If you’d like to give your kids a treat, as a reward for their kickass efforts at school, the arts festival for children and young people that’s held annually in Valletta is your answer. Playfully titled Ziguzajg (which translates to zigzag in English), the festival returns for the third consecutive year next week and is once again boasting an exciting repertoire of local and foreign performances.
Directed by Toni Attard and hosted largely by St. James Cavalier, this festival is aimed at children of all ages and feeds into a creative base through theatre, dance, music, circus, film and visual arts. The fun begins next Monday 17th and ends on Sunday 23rd November, and tickets per event cost a cheaply €2 each on average — unless, as in some cases, entrance is free.
The festival has been described as a celebration of the borderlessness and fearlessness of the upcoming generation, which has been interpreted in various ways, through stories and creative workshops circling themes such as co-existence, acceptance and exploration.
For the youngest of contingents, there’s Sonoro Tubas, a hands-on musical storytelling event using percussion instruments that recreate songs into games, and Gribouillie, a French nonverbal theatrical production which plays on the idea of space. Both promise to be a bundle of fun for toddlers and their parents.
Kids over the age of 3, there’s a puppet show called Fly Flynn and a nonverbal theatrical piece titled The Black Sheep, both of which, in their own way, talk about diversity, as well as See-Quatic, a dance that takes children on an explorative journey into the depths of the sea. Exciting explorations await 5 and 6 year olds too: stories about the environment told through plays and soundscapes, and about the mysterious man who helps out a plant in need, as well as a circus, and a retelling of The Fisherman and his Wife.

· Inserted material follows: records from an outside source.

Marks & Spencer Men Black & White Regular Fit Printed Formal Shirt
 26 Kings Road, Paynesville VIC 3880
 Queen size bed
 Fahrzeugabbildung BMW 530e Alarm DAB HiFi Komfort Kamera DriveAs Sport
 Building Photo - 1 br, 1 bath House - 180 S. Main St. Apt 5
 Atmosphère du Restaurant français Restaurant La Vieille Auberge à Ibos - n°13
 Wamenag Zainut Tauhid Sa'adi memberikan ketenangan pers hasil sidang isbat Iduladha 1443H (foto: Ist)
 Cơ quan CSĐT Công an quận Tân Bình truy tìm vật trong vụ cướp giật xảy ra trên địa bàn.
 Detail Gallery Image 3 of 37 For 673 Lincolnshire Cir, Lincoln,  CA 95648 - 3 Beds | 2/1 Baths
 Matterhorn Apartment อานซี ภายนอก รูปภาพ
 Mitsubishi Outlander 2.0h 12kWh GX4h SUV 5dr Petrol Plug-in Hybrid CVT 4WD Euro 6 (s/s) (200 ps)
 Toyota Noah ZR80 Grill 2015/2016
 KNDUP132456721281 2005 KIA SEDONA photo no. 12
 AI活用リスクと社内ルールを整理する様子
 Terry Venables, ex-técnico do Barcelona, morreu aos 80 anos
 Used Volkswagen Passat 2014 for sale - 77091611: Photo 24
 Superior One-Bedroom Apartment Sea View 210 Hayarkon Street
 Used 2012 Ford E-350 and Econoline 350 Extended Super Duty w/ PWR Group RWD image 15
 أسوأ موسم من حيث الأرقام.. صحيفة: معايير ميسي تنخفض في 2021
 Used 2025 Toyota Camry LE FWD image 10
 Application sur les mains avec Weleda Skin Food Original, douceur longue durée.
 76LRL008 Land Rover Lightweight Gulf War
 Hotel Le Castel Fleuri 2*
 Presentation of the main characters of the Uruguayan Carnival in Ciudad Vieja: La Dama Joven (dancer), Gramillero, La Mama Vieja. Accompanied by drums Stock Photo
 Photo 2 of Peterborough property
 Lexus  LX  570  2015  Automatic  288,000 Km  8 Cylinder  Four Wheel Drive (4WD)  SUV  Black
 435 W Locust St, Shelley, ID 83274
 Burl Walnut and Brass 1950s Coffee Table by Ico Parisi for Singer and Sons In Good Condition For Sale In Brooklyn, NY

Il-Mudlamin (8+), a Trevor Zahra special, seems not for the faint-hearted, as this underground journey takes participants through the rumoured city that lies beneath Valletta itself to explore the existence of the folk that once were. On a different note, 9+ children can join in on the haiku train with Hajkuhajk through an interdisciplinary exercise in creative writing.
On a more digital slant, an experiment in self-portaiture and reflection through digital means, called /》s[lfi/ (Selfie), will be open to a 10+ audience in the Main Hall of St James Cavalier throughout the entire duration of the festival. A slightly adventurous piece by Simone Spiteri, #babydaddy, uses the modern hashtag format to appeal to kids whose lives turn upside down with unexpected parenthood.
All this and more goes on every day of the week throughout Valletta next week. Tickets are available from ziguzajg.org, and all purchased tickets have to be collected from the St James Cavalier box office an hour prior to the beginning of the performance. Meanwhile, no tickets are required for Selfie, Solo i Bambini ci Salveranno and the Kirana Sunday Parade.